As Republican senators in the US prepare to introduce another constitutional amendment to ban same-sex marriage across the nation, a poll has found Americans don’t think the issue should be made a priority.

A national survey found that out of a list of issues facing the US government, banning same-sex marriage was ranked last. Issues more important to the respondents included Iraq, rising petrol prices, health care and immigration reforms.

A majority of respondents, 63 percent, had strong concerns about amending the constitution over the issue of marriage. Only 18 percent felt it should be a priority for Congress.

The Federal Marriage Amendment does not rank on the list of voters’ priorities anywhere near where one might expect, Samantha Smoot from gay lobby group Human Rights Campaign said, The Advocate reported.
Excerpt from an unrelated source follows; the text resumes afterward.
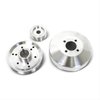 3-Piece Underdrive Pulley Kit 1996-01 Mustang GT/Cobra 4.6L - image 4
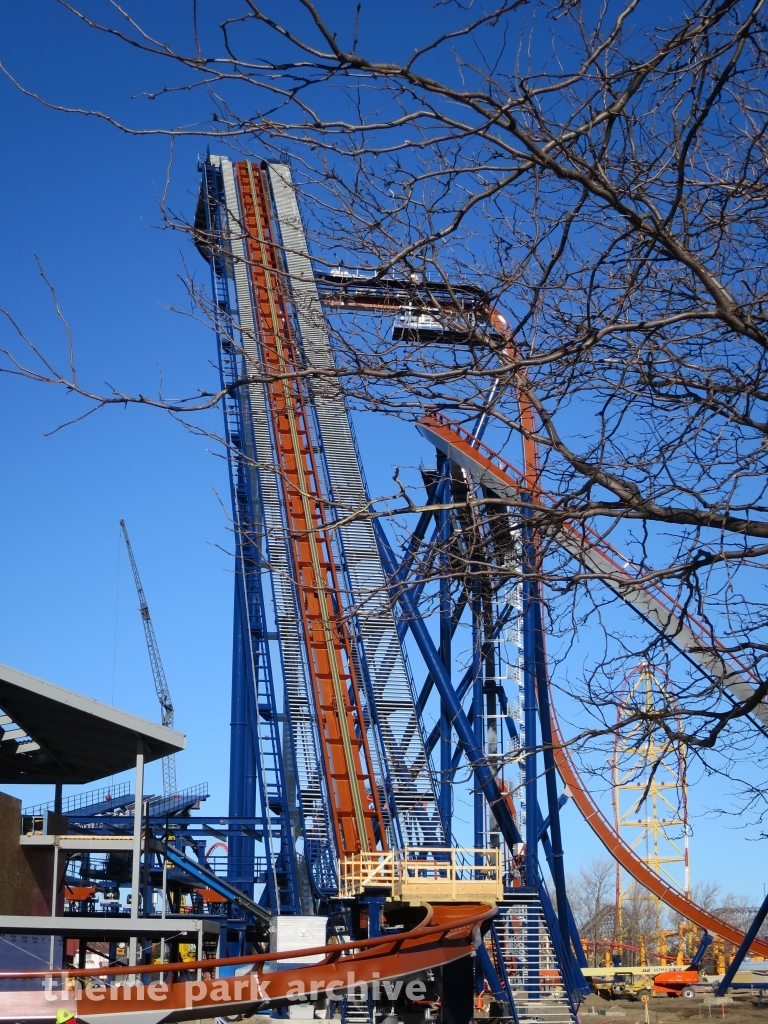 Valravn at Cedar Point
The poll, conducted by Peter D. Hart Research Associates for the Human Rights Campaign, surveyed 802 registered voters across the US last month.

Fifty-three percent of respondents were in favour of banning same-sex marriage, but only 43 precent wanted to ban both marriage and civil unions, which the proposed amendment would do.

Republican senators Bill Frist and Rick Santorum plan to take their Federal Marriage Amendment to a Senate vote in the first week of June.

A previous attempt in 2004 by the Bush government to amend the constitution to ban same-sex marriage failed in both the House of Representatives and in the Senate.

In the last few months conservative religious groups have been rallying the government to make the amendment and threatened to desert the Republican Party if it’s not passed.

Just two weeks ago 50 Catholic bishops, Jewish leaders and other church heads signed a petition calling for a marriage amendment to the constitution.

It was the first time the Catholic church had officially been involved in the push to ban same-sex marriage, and they were encouraging their congregations to send millions of postcards to the White House calling for a ban.

However, the survey found 69 percent of Catholic respondents were concerned about amending the constitution.

It also showed that overall support for civil unions had risen four percent in the last two years to 40 percent. Twenty-five percent supported same-sex marriage.